• [Task directions]
What is needed is an exact copy of the lines from the one containing "Hyundai Staria 2016 thumb 4" through the last line of the records below, with no pictures.

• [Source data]
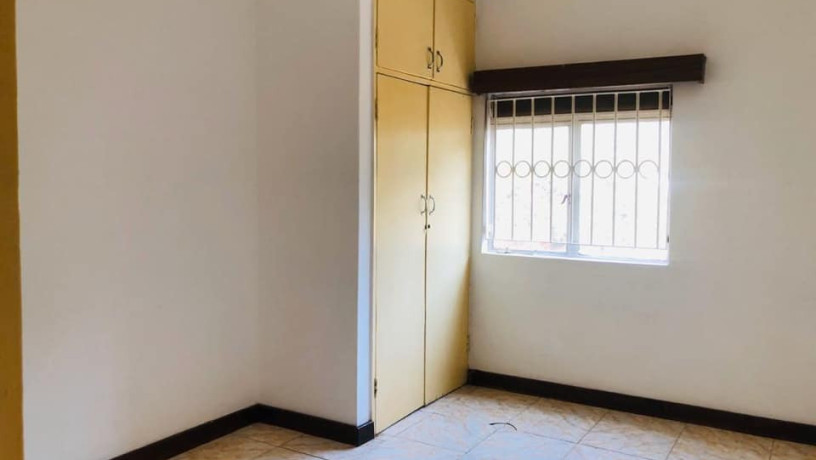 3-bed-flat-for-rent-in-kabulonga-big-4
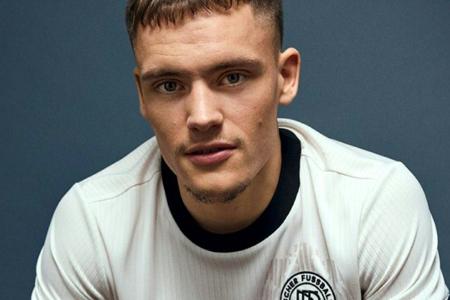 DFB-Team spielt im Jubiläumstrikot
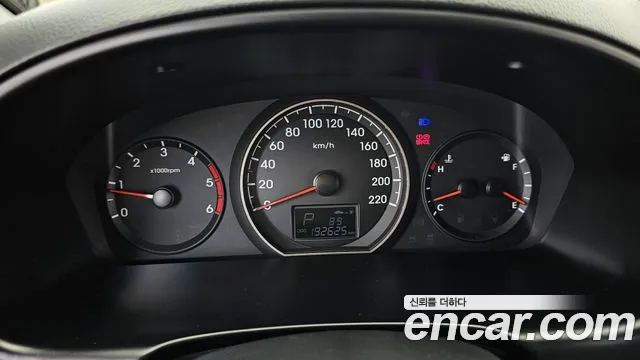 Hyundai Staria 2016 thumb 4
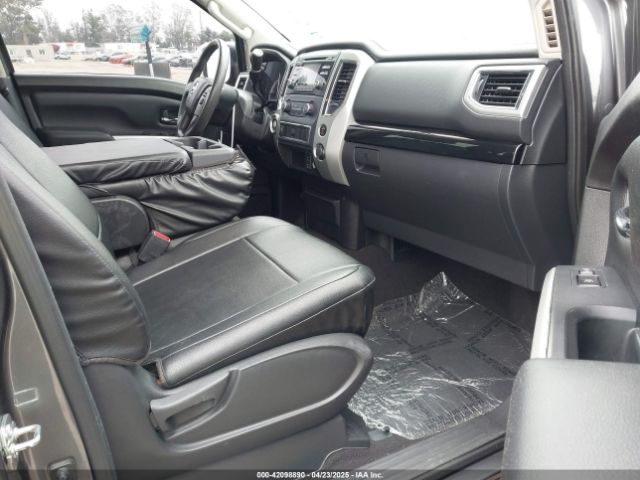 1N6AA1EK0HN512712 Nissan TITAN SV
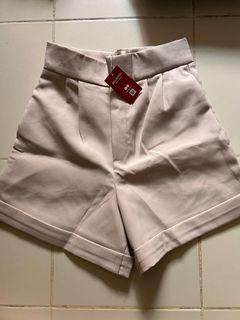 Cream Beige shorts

• [Response box]
 Hyundai Staria 2016 thumb 4
 1N6AA1EK0HN512712 Nissan TITAN SV
 Cream Beige shorts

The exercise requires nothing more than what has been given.